Most people think of Scotland as somewhere where property is largely in private hands. Secure private property rights are considered to be one of the lynchpins of a free society. Only by being able to own things do we husband them and create wealth.
But it’s not as simple as that. Property rights actually exist at several different levels. When you buy something in the shop, it’s yours, right? Well, unless government imposes restrictions on its use, as with a gun or a car. In which case, in a way, it’s partly theirs too.
Something similar is true with landed property. Most of it is owned privately. But the rights to develop property are almost exclusively not privately owned. They were nationalised after the war, and now if you own land you cannot change its use or look without the permission of the state.
Such ‘development rights’ are extremely valuable assets. Land on its own is almost worthless. It is the right to develop it that gives it its value, and this right is now owned by government.
You can see why. Developing land affects other people, not just the ‘landowner’. With the industrial revolution the demand for lucrative but ugly development soared. As the value of land went up, unpredictable industrial and residential development threatened to ruin our landscape.
The state stepped in as an arbiter of two competing forces: the material requirement for development and the desire to preserve the beauty and amenity of our environment.
The trouble is that the state, as ever when it allocates resources, is dreadful at it. Just as a soviet factory had no idea how many shoes to make and no incentive to make them well, so the planning system has no idea where development should happen or incentives towards high quality.

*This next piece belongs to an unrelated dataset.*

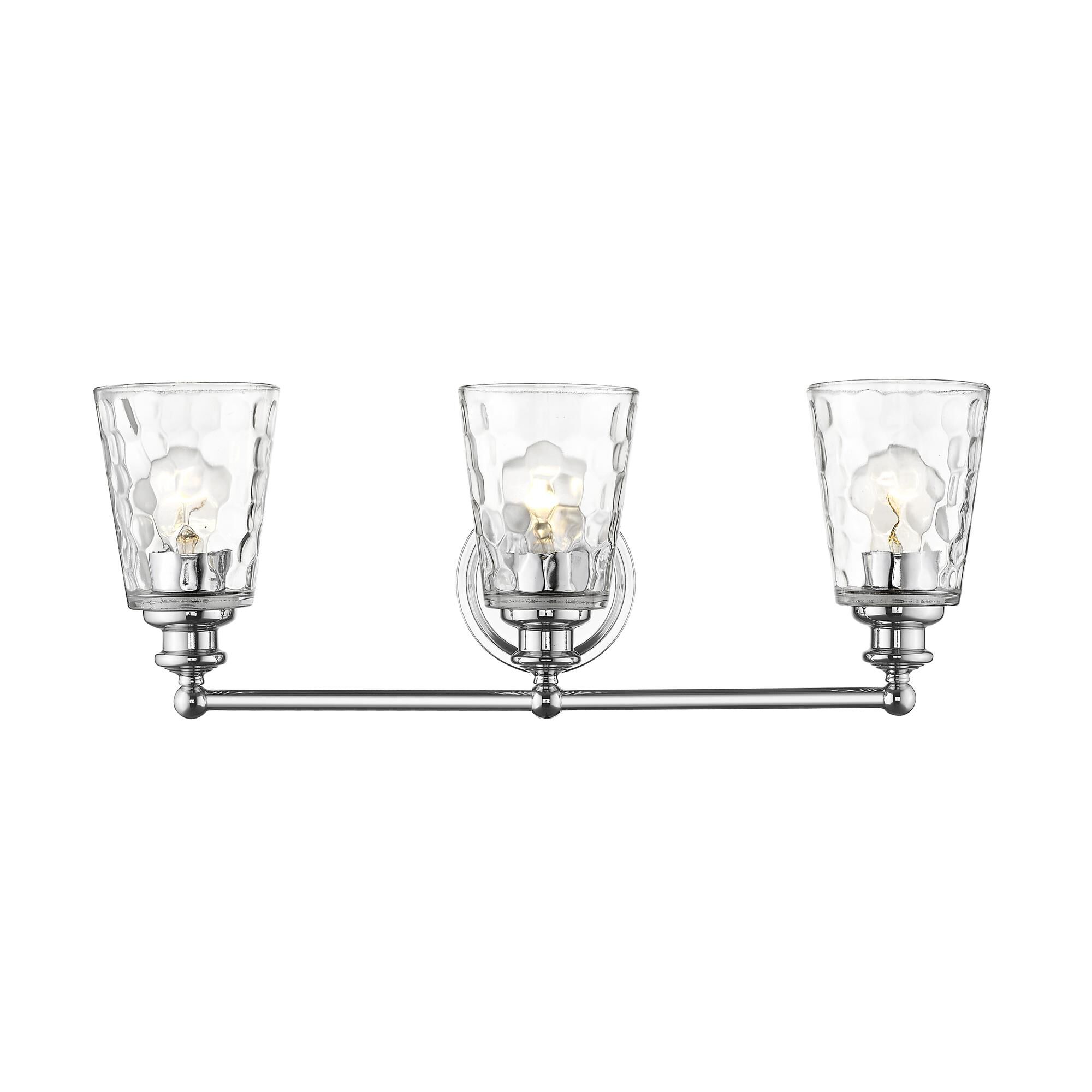 Mae 22 Inch 3 Light Bath Vanity Light by Acclaim Lighting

The system has evolved mechanisms to help its guesswork. Local authorities are invited to come up with gosplan type predictions of where they think demand for housing and commerce will occur. Then a quasi-judicial process takes place in which developers lobby officials to allow their project and concerned residents and environmentalists counter-lobby to prevent it. The result is winner-takes-all with development often badly designed, in the wrong place, and the windfall benefits accruing to whichever side won.
Take this example to illustrate the point. A farmer owns an acre of land. It’s designated by the state as agricultural, and as such is worth £5,000. A building firm offers the farmer to buy his land for development. The builder knows that the four houses he can build will be worth £300,000 each and will cost about £250,000 to build. He needs a return on capital of 10%, or about £100,000 on the whole project. That implies the development value of the land – the ‘uplift’ from getting planning permission over and above its agricultural value – is worth some £80,000.

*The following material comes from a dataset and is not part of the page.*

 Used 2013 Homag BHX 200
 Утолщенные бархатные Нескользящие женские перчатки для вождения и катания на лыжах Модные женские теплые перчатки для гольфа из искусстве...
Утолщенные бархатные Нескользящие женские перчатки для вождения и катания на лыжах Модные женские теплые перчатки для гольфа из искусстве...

This £80,000 is in effect the environmental cost of the development as judged by the planning process. For of course the difference in values between agricultural and residential land is a result of the shortage of the latter caused by the planning restrictions designed to preserve the landscape. As it is, the £80,000 is almost certainly wrong either way, a product of a bureaucratic exercise in economic guesswork.
What is worse, though, is what happens to the eighty grand. Either the development is turned down, in which case the cost of houses elsewhere rises. Or the developer wins, and the £80,000 windfall is split between the builder and the farmer.
Meanwhile the next door neighbours see the collective value of their properties fall by £50,000. They are understandably embittered. The rest of the environmental cost is dissipated among anyone who might have enjoyed the scenery now blighted by the development.
The planning system in Scotland has never worked well, as is witnessed by the often dreadful quality of architecture and development since the war. But now it is creaking more than ever under the twin pressures of unaffordable housing and increased environmental consciousness. The fraught issue of wind farms illustrates how difficult it is for the process to get the balance right.
A much better system would be for developers to buy or lease development rights from local people. In other words the government would hand back this tier of property rights, not to individual landowners, but to the people more generally affected by development in their area.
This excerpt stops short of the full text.